RECORDS PROVIDED:
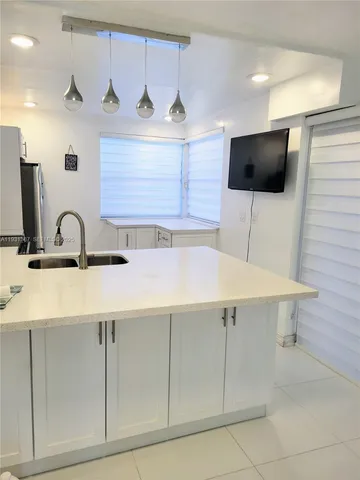 a kitchen with a sink and a microwave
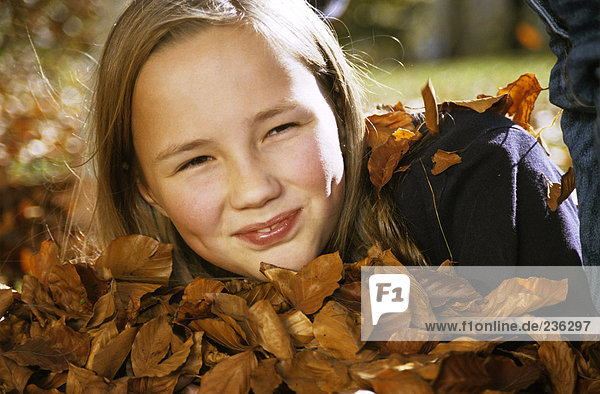 Girl (10-11) with autumn leaves  portrait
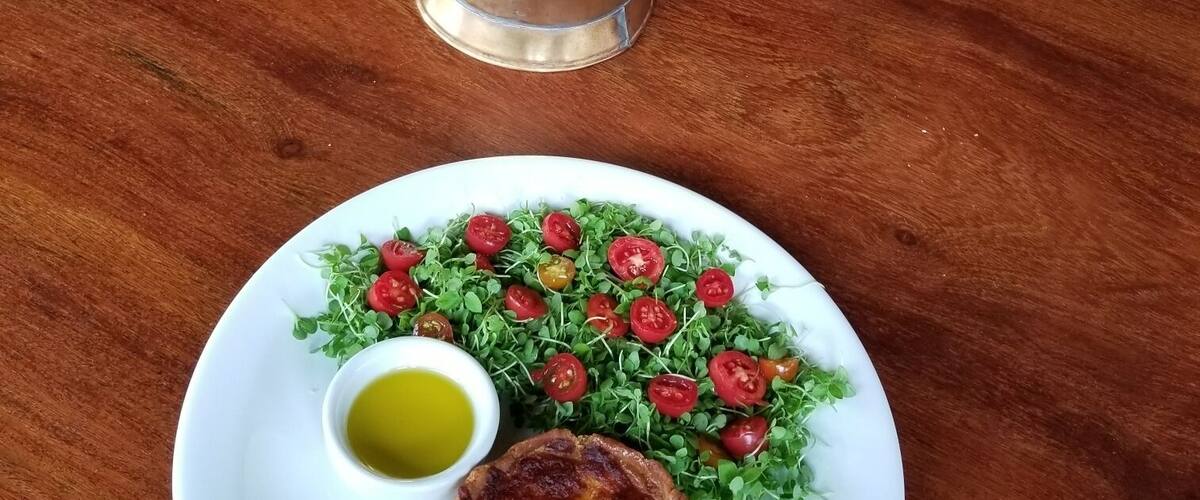 A metal coffee pot on a wooden table with a plate of food.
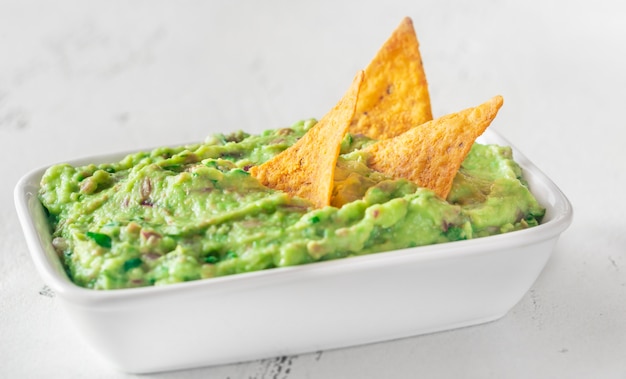 Tigela de guacamole com batatas fritas de pacote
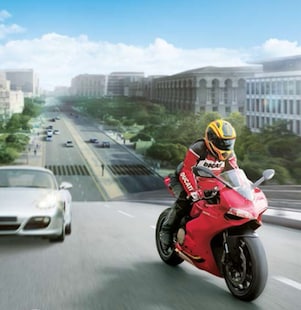 Moto rouge et conducteur sur une route avec des voitures et des bâtiments dans l&rsquo;arrière-plan.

TASK DIRECTIONS:
Print the entries above exactly, leaving pictures out.

SOLUTION BELOW:
 a kitchen with a sink and a microwave
 Girl (10-11) with autumn leaves  portrait
 A metal coffee pot on a wooden table with a plate of food.
 Tigela de guacamole com batatas fritas de pacote
 Moto rouge et conducteur sur une route avec des voitures et des bâtiments dans l&rsquo;arrière-plan.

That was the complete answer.